Others who choose to remain ‘‘independent’’ and unaffiliated with any local gallery, art centre or donor.

ART-PRENEURSHIP

They have seen how some older East African artists got dependent on their expatriate patrons, so that when the patrons left town, they were left stranded and sometimes even penniless.


Those Kenyan artists who vow never to get into that state of donor dependency are some of the most adamant about art-preneurship.

These are entrepreneurs who realize that the only way for Kenyan and East African artists to generally find their way onto the global art map is by gaining broader visibility, which partly means doing a better job of marketing our art both locally and internationally.

That is easier said than done, but it is one reason why the Circle Art Agency (CAA) came into being a bit more than a year ago.

The Agency has been busy marketing Kenyan art to both local and Kenya-based global corporations using a variety of strategies -- everything from going door to door with local art, mounting unique exhibitions at atypical sites like their recent Abstract Art Exhibition in the new PWC (PriceWaterhouseCoopers) building, and organising their first contemporary East African art auction.

And especially in the case of the art auction, CAA spent months not only cultivating wealthy art patrons; they also called upon the international media to do programmes and write-ups about their exceptional art auction which they held at the brand new Five-Star Villa Rosa Kempinski Hotel in Nairobi.


Whether CAA has found the formula to put Kenyan contemporary art squarely on the global art map is anybody’s guess.
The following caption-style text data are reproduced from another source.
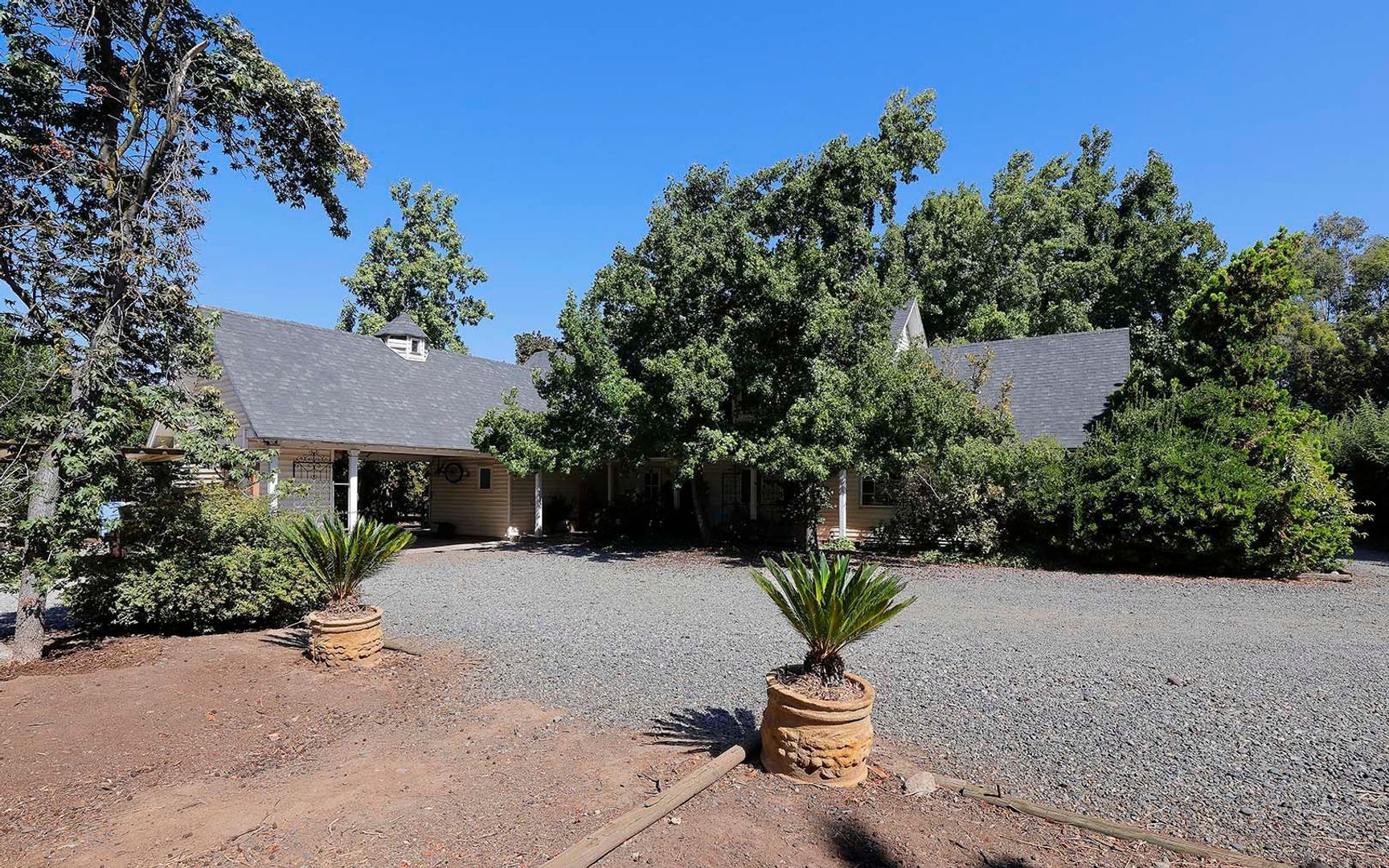 Santa Ester de Liray, Santiago foto-48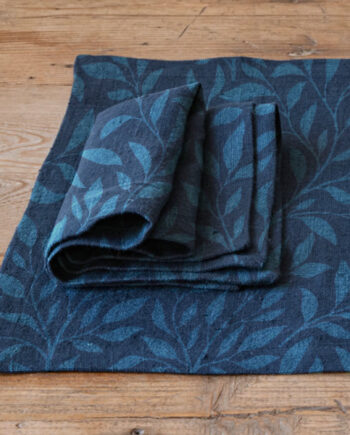 tovagliette personalizzate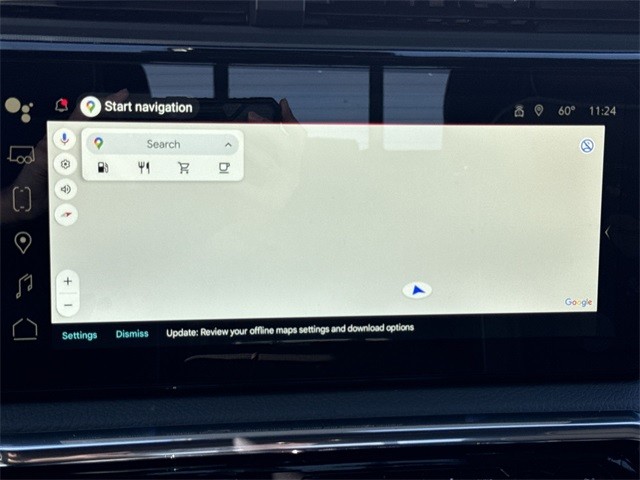 GMC Sierra 1500 Vehicle Full-screen Gallery Image 18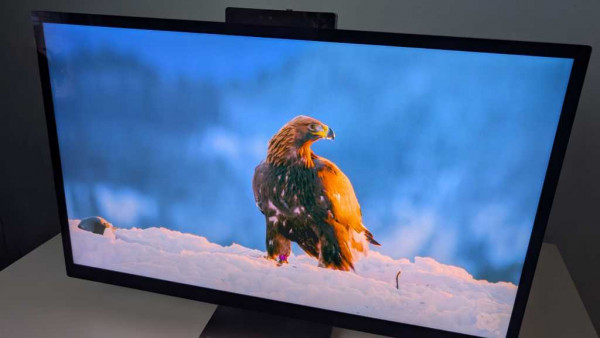 Philips Brilliance 27E3U7903 hdr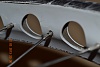     
: DSC_0784.JPG
: 325
:	479.9 
ID:	45971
But certainly, what they proved is that Kenya – and particularly Nairobi, has an amazing crop of young, talented and often brilliant local artists, not all of whom are Kenyans. Some are Ugandan, Sudanese, Ethiopian and Tanzanian.


No longer can Kenyan or East African contemporary art be ignored.

No longer can it only be associated with curios and tourist souvenirs, for whether artists are creating ‘art for art’s sake’ or creating art to make meaning out of their own lives, there is definitely a qualitative leap in the local art world that is making waves not only in Kileleshwa, Runda and Naivasha but all the way to London, Seoul, Beijing and San Francisco, and its value is going up as well.


Finally, the question of how to value Kenyan art has also begun but that is an issue that is still up for debate.